Contractive autoencoder (CAE): An explicit regularizer is introduced to encourage the derivatives of the encoding function \(f({\bf{x}})\) to be as small as possible.
Characteristics
Try to adjust the capacity of the encoder and decoder based on the complexity of the data to be modeled.
Use a loss function that encourages the model to have other properties (e.g., sparsity) besides the ability to copy its input to its output.
A regularized autoencoder can be nonlinear and overcomplete but still learn something useful about the data distribution.
In principle, the goal of the denoising autoencoder is to reconstruct an input that has been corrupted by some sort of noise.
Othe previous works have proposed to use multi-layer perceptrons for denoising data.
However, the denoising autoencoder is intended not merely to learn to denoise its input but to learn a good internal representation as a side effect of learning to denoise.
Sample a training example \( {\bf{x}} \) from the training data.
Sample a corrupted version \( {\bf{\tilde{x}}} \) from \( C({\bf{\tilde{x}}}|x= {\bf{x}}) \), where \(C() \) represents a given corruption process.
Use \(({\bf{x}},{\bf{\tilde{x}}}) \) as a training example for estimating the autoencoder distribution \( p_{reconstruct}({\bf{x}}|{\bf{\tilde{x}}}) = p_{decoder}({\bf{x}}|x= {\bf{h}}) \) with \( {\bf{h}} \) the output of encoder \( f({\bf{\tilde{x}}}) \) and \(p_{decoder}\) typically defined by a decoder \( g({\bf{h}}) \).
As in sparse autoencoders a regularization penalty is used:
\[
\begin{equation}
L({\bf{x}},g(f({\bf{x}}))) + \Omega({\bf{h}},{\bf{x}})
\end{equation}
\]
But with a different choice of \(\Omega\):
\begin{equation}
\Omega({\bf{h}},{\bf{x}}) = \lambda \sum_{i} ||\nabla_{{\bf{x}}} h_i||^2
\end{equation}
Characteristics
The model is forced to learn a function that does not change much when \({\bf{x}}\) changes slightly.
It has theoretical connections to denoising autoencoders.
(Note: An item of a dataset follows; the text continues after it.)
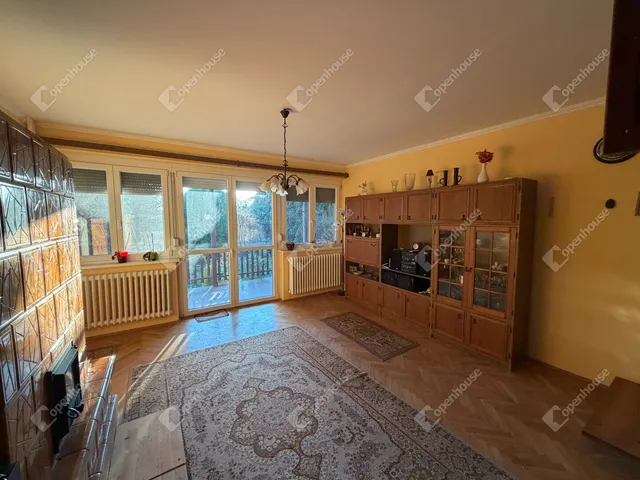 Eladó ház Töltéstava 130 nm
The CAE is contractive only locally, i.e., all perturbations of a training point \({\bf{x}}\) are mapped near to \(f({\bf{x}}) \).
Generative Modeling with DNNs
Network generated faces
Generative modeling
Generative modeling deals with models of distributions \( p({\bf{x}}) \), defined over datapoints \({\bf{x}} \) in some high-dimensional space \( \mathcal{x}\).
Since, learning the exact distribution is usually impossible, the goal is then to learn an approximate distribution as accurate as posssible according some metric.
For an image, the \( {\bf{x}} \) values which look like real images should be given a high probability, whereas images that look like random noise should get low probability.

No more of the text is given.